_Data extracts:_
# # #

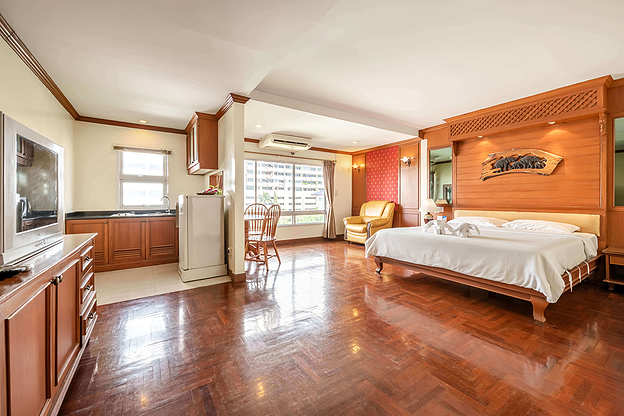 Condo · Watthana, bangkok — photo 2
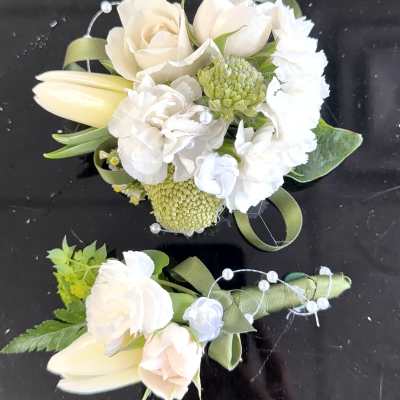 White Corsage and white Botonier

# # #

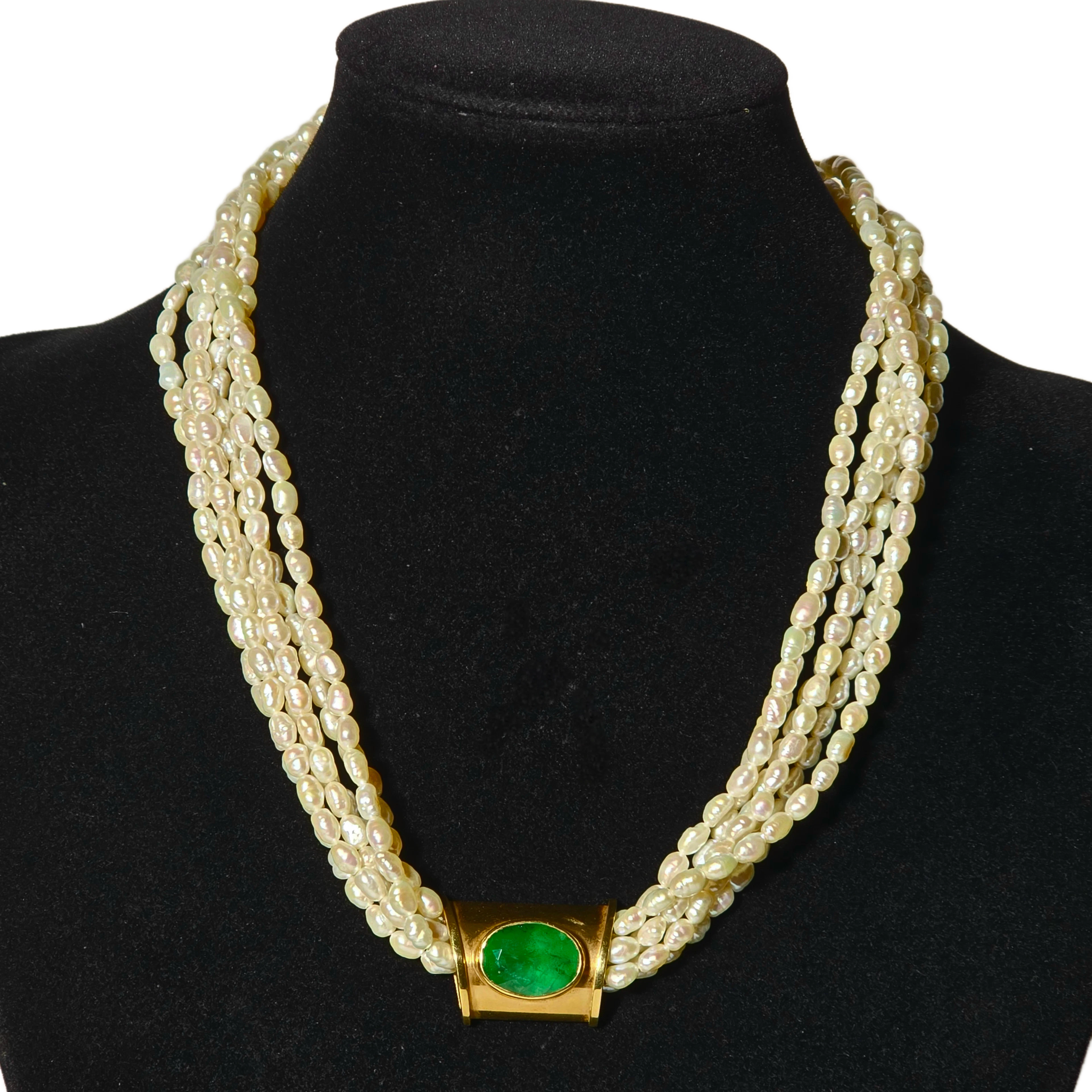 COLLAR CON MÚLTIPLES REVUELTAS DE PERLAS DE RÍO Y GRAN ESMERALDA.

# # #

_Exercise description:_ Give again the lines of the listing above that run from the one with "Condo · Watthana, bangkok — photo 2" up to and including the one with "White Corsage and white Botonier". Keep them exact and omit the pictures.

_Reply:_
 Condo · Watthana, bangkok — photo 2
 White Corsage and white Botonier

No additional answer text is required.